After our tour of the Seminole Canyon, we drove back to Sanderson and ate lunch. That evening we drove into Marathon, about a 50-mile drive from our HQ, to check out the White Buffalo Bar & sip on some sotol cocktails (hey, it was the closest/best joint around!) and to enjoy an excellent coursed dinner at the 12 Gage Restaurant - The Gage Hotel (courtesy of the company card).

The indulgent dinner we enjoyed could not have tasted better. I remember sipping on too much good wine, eating the best fried oysters of my life, and savoring the most complex Chile Relleno I'd ever had!

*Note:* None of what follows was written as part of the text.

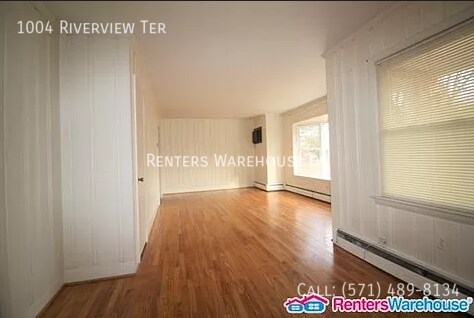 Foto del edificio - 1004 Riverview Terrace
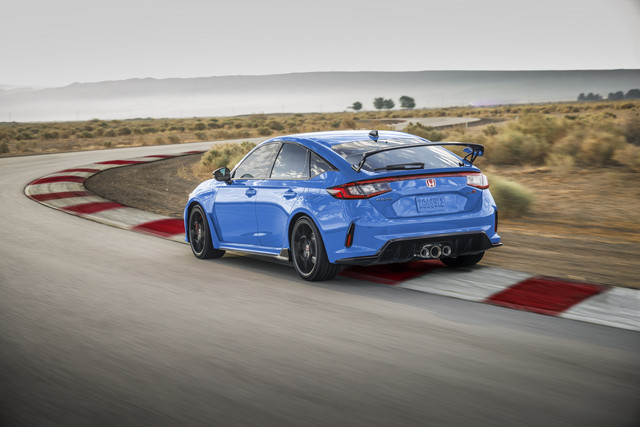 2023-Honda-Civic-Type-R-9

Below: Real life cowboy problems.

Before we got home that night, the crew stopped in the middle of the road just short of Sanderson to check out the night sky. There was no light pollution, so we got out of the car and just gazed. I laid down in the middle of the road and just soaked in the warmth of the asphalt and the starlight from the Milky Way. I felt like I was lost in the throes of space (I was), and lucky enough to lay down on a piece of space debris (I was) and take it all in. 🌌 When we got back to the hotel for the night, Lucas, J.A. and I went for a very short walk on the street behind the motel so we could keep enjoying the night sky, but we got stopped by an off-duty deputy because one of his neighbors called him on us - they thought we were illegal immigrants! Although I was pissed about it at first, I had to remind myself that Sanderson is roughly 20 miles from the US/Mexico border, so I couldn't completely blame the locals. They deal with our complex border issues on a daily basis.

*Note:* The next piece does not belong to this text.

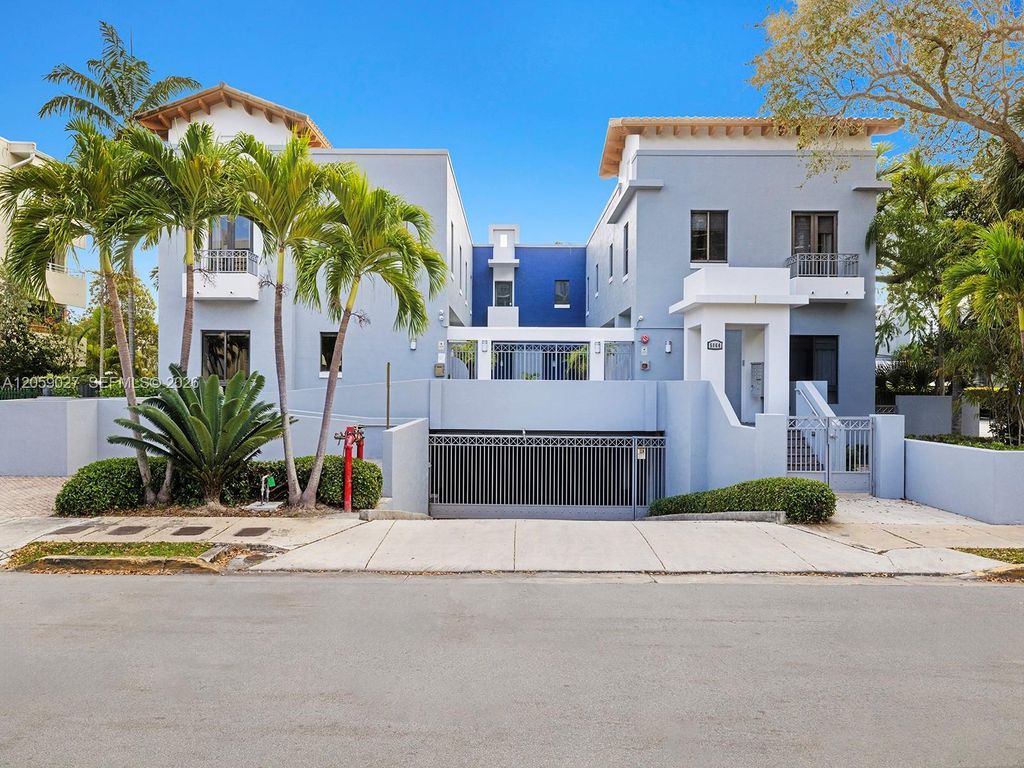 5864 SW 74th Terrace G, South Miami, FL 33143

We drove back to the distillery the next day to meet with Brett, one of the owners of Desert Door.

He gave us a trove of information about the distillery, the ranch, and where the future of Desert Door is headed. He took us on a tour of the aging room, where we got to see many barrels of Oak Aged Sotol aging on the racks. He led us through a tasting of the Pollinator Series, and we ate yet another delicious meal from Lo Salvaje. Whoo boy.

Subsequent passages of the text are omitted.